As a graduate student at the University of Wisconsin in 1968, John was recruited to participate in a march led by Father James Groppi from Milwaukee to Madison to prevent cuts in basic welfare programs. John and his wife, Betsy – a fellow Returned Peace Corps Volunteer – would drive out to meet participants walking in the march every day, march alongside with them, and then return back to school every night. John became the Head Organizer for the Wisconsin Welfare Rights Organization.

In 1974, John, his wife and two kids left for Cleveland where he been hired at the modest sum of $600 a month for six months to pull together a community organization. John met Herb White, a United Church of Christ Minister, during his time in Cleveland. Herb ultimately became John’s mentor and has played an instrumental role in developing and challenging John during the early stages of his career. Herb’s experiences with organizing and ministering to local congregations helped to crystallize much of the approach used in the formative years of DART. It was Herb White and a local sponsoring committee who originally invited John to Miami, Florida in 1977 to begin a local community organization, Concerned Seniors of Dade. John and the Concerned Seniors group quickly became known for routinely producing hundreds of people to city meetings to voice their opinions. Given the success of Concerned Citizens, Herb, along with Msgr. Bryan O. Walsh, Joe Mazanek, and Rev. J.W. Stepherson, further encouraged John and a colleague, Holly Holcombe, to form the DART Center and accept invitations to build new organizations throughout the state of Florida and beyond.

A three-day race riot that lit up the city of Miami in 1980 turned out to be another turning point in the history of DART. The riot broke out after an all-white jury acquitted four white Miami police officers of killing Arthur McDuffie, a black insurance salesman, whom they had mortally beaten with flashlights and nightsticks. Eighteen people died during the ensuing rioting and more than $100 million was lost in property damage. The officers’ acquittal and the devastation left behind by the riots angered and shocked all those involved with Concerned Seniors. It seemed everyone was looking for a way to do something. John along with others led an organizing drive among African American congregations throughout Miami-Dade County, eventually forming People United to Lead the Struggle for Equality (PULSE). After winning several local issues related to minority hiring and job creation, a leader from PULSE challenged the organization to deal with the continued lack of accountability for police officers involved in several killings of African Americans in the 1980s in Miami. When formal charges were made against the officers in question, they were acquitted of wrongdoing in court. After a series of cases, it became apparent that the attorneys for the police were able to create an unlevel playing field by striking African Americans from the jury pools using peremptory challenges. Ultimately, PULSE prevailed at the state level making it illegal to use peremptory challenges based on race.

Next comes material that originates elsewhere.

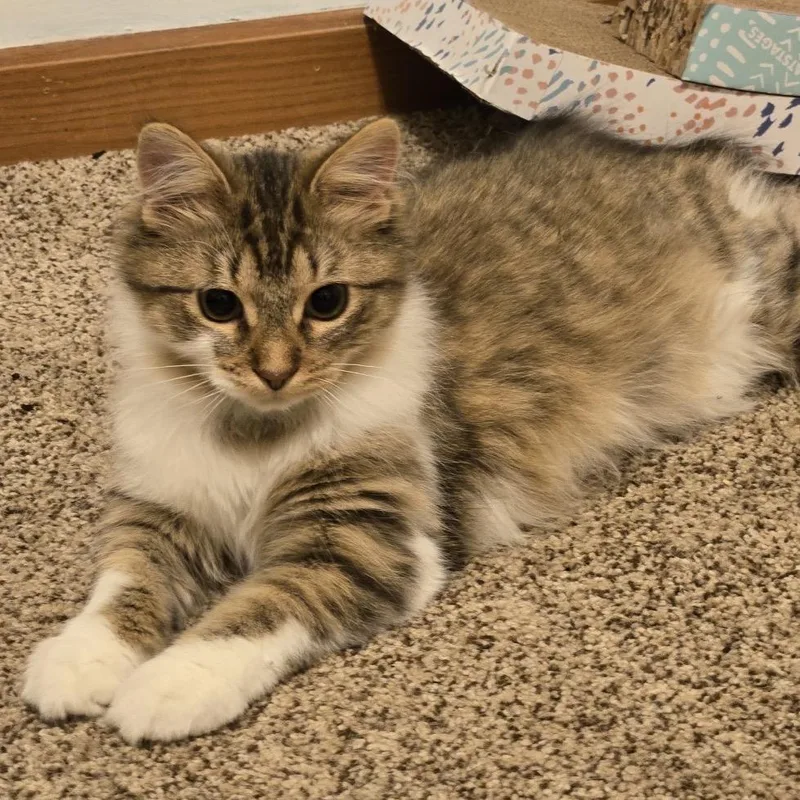 Fleece Blanket thumbnail 2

After PULSE, John began organizing Justice for All in Broward (JAB), and ultimately those involved began to see the state of Florida as fertile grounds for a network of local community organizations. In 1982, the DART Center was founded to answer invitations to build community organizations. Originally, the notion was to build a statewide network of local organizations in Florida, but when people from outside the state attended DART trainings, invitations to work elsewhere came into DART’s office and were accepted.

John served as DART’s Executive Director from 1982 until 2013 when he retired.